Bit Error Rate (BER)
The Bit Error Rate (BER) is the number of bit errors per unit time divided by the total number of transferred bits during a studied time interval. BER is a unitless performance measure, often expressed as a percentage.

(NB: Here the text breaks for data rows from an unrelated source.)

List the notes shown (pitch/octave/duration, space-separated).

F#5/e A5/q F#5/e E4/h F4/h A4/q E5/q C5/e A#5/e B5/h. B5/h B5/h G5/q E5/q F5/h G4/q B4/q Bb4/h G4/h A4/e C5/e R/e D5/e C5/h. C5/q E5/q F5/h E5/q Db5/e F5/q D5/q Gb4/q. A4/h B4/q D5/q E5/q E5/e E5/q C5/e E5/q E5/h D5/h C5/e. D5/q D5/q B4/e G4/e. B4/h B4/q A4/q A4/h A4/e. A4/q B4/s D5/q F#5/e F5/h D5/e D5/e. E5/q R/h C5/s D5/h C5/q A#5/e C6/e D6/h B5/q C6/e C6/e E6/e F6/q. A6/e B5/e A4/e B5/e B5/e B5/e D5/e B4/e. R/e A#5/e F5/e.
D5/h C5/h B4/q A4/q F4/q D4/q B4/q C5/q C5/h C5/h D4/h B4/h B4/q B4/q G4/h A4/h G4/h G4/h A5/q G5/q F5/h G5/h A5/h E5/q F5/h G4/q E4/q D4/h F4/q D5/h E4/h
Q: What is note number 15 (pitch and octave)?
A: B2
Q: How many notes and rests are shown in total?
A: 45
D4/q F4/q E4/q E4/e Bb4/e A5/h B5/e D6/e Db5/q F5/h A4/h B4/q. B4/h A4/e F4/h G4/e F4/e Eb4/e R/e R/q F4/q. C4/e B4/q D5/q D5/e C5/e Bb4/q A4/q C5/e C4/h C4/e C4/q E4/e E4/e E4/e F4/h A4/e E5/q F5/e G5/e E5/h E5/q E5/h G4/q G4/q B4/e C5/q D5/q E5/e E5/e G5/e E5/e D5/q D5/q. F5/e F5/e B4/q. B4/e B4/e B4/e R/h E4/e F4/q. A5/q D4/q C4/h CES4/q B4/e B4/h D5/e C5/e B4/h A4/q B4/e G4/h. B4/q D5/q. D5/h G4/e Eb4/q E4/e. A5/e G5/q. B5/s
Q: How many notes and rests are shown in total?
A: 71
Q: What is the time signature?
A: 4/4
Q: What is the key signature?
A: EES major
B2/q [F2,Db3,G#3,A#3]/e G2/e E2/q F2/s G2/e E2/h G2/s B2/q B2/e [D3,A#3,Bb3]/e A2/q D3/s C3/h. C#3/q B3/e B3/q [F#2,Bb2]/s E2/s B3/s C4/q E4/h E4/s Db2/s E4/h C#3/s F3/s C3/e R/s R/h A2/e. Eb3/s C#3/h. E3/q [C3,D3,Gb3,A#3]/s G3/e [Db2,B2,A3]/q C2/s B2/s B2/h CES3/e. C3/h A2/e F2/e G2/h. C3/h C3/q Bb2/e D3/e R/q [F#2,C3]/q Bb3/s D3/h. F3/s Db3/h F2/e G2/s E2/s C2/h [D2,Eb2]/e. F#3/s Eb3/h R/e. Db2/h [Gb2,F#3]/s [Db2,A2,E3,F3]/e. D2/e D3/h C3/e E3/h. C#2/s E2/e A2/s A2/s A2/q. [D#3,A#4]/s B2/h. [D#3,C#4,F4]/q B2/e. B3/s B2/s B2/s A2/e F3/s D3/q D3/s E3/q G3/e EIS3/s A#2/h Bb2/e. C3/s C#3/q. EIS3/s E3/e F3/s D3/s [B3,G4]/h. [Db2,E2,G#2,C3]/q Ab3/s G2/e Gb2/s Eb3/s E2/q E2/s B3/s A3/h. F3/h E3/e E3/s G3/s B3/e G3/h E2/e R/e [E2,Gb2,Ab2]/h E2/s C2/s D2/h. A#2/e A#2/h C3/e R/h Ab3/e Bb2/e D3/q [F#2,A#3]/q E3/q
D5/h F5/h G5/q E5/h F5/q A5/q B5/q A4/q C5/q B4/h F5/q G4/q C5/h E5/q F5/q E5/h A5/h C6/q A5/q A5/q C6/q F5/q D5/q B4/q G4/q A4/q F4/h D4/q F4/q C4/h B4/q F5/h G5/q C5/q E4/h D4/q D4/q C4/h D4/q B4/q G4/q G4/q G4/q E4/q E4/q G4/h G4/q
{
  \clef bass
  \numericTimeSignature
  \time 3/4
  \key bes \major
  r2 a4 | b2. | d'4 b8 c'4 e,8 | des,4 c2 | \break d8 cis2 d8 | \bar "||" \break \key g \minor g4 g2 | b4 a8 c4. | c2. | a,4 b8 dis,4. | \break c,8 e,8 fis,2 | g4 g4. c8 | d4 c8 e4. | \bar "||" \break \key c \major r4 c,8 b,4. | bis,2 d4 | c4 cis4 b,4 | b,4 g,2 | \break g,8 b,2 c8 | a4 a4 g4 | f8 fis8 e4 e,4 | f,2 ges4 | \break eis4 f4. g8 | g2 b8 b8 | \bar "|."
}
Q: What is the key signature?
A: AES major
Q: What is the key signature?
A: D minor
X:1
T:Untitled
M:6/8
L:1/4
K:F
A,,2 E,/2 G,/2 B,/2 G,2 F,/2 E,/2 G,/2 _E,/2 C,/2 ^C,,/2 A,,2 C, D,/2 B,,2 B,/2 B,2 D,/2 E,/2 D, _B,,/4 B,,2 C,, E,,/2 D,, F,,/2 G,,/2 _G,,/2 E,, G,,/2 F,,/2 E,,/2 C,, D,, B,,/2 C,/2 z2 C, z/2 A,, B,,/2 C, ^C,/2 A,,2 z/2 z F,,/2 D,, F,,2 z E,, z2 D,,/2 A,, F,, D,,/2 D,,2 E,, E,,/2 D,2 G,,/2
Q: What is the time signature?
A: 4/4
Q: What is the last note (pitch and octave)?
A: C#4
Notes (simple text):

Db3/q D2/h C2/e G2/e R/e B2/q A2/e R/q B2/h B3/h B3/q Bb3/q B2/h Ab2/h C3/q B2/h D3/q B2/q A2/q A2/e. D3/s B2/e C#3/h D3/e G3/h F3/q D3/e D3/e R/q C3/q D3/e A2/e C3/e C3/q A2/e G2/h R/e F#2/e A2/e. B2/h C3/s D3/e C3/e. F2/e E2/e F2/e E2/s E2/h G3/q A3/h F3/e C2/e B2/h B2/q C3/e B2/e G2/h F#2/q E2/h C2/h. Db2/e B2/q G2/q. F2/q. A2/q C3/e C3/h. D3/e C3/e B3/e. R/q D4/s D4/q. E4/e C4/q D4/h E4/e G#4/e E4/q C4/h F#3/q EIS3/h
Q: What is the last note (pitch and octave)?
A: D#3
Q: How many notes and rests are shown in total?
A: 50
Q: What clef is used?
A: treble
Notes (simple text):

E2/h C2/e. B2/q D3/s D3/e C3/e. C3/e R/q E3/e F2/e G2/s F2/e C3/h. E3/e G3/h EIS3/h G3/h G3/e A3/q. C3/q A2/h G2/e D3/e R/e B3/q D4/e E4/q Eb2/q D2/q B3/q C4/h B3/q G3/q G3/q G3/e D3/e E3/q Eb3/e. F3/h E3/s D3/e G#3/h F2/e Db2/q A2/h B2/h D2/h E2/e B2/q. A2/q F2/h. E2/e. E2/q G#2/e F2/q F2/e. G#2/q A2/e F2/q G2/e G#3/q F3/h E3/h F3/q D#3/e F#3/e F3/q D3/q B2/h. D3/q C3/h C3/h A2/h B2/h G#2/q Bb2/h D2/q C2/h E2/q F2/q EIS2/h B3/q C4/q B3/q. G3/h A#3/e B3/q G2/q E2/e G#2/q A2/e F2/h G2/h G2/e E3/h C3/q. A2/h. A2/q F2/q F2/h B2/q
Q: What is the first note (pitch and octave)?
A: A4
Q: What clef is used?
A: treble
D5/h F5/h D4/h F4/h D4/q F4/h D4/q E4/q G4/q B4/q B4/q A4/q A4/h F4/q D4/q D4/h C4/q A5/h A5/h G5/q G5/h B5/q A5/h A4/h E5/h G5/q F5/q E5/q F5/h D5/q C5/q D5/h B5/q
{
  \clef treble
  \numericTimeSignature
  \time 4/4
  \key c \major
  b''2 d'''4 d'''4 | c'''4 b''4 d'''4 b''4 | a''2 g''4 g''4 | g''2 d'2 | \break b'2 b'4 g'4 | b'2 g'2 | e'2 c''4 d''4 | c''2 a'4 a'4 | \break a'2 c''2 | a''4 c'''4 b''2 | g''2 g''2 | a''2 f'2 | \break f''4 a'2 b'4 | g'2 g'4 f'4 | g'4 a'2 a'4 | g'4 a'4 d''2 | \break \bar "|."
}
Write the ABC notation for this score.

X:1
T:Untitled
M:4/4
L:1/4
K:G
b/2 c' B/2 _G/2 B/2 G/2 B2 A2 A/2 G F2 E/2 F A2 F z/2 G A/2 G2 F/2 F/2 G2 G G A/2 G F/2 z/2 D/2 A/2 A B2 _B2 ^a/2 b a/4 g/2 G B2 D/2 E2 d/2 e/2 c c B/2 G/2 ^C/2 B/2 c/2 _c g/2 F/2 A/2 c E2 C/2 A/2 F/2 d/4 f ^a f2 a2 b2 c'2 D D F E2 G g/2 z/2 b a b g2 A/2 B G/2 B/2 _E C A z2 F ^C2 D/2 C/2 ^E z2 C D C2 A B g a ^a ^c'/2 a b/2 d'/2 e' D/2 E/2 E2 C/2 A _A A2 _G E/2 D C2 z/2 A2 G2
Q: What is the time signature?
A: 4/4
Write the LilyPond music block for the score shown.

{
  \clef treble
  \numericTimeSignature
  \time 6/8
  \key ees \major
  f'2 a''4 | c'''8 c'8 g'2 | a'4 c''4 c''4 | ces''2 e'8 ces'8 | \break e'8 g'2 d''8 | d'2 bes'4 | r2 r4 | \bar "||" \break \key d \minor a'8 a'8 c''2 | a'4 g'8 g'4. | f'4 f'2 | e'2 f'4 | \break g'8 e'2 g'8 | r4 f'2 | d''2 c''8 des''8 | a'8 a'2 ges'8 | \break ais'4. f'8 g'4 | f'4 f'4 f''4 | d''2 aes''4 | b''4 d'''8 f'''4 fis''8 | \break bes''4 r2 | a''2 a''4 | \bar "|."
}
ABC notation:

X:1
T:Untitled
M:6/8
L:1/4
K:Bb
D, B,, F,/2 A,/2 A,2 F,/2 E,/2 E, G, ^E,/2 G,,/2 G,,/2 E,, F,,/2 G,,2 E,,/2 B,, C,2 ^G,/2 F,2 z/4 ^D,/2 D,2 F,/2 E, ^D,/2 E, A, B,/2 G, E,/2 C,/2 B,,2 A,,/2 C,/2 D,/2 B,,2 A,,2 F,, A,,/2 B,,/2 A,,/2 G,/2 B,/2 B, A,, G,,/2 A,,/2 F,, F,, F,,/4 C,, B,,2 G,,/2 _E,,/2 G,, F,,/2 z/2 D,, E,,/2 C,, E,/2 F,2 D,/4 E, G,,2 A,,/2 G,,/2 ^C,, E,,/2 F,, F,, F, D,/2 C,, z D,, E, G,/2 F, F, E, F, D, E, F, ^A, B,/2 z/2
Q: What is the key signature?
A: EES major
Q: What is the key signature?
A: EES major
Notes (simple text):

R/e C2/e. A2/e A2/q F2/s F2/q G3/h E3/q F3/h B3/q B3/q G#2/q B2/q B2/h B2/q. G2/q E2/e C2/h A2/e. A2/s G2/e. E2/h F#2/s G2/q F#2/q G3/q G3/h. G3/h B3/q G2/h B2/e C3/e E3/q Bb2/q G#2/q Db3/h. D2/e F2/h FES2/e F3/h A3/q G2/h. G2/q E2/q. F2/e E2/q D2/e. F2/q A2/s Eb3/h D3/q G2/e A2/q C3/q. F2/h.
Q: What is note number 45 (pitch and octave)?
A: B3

Parameter | Description | Notes |
--get_phy_info | Collects BER information for fabric ports and checks BER validating with specific thresholds. Errors will be reported to the ibdiagnet2.log and ibdiagnet2.db_csv files. | Applicable to all EDR/HDR and future InfiniBand devices. |
--ber_test | Deprecated. Provides a BER test for each port. Calculate BER for each port and check no BER value has exceeded the BER threshold. (default threshold="10^-12"). | This option is available only when using SwitchX/ConnectX-4 and ConnectX-3 devices. |
--ber_thresh <value> | Deprecated. Specifies the threshold value for the BER test. The reciprocal number of the BER should be provided. For example, the value of 10^-12 should be 1000000000000 or 0xe8d4a51000 (10^12). If the given threshold is 0, then all BER values for all ports will be reported. | This option is available only when using SwitchX/ConnectX-4 and ConnectX-3 devices. |
--llr_active_cell <64|128> | Deprecated. Specifies the Link Level Retransmission (LLR) active cell size for BER test, when LLR is active in the fabric. | This option is available only when using SwitchX/ConnectX-4 and ConnectX-3 devices |
Example:
ibdiagnet --get_phy_info
For NDR/HDR/EDR links, symbol errors (NDR/HDR) or effective errors (EDR) are the actual errors seen by the application level after error correction.
The below methodology is recommended as a first step if fabric performance is degraded.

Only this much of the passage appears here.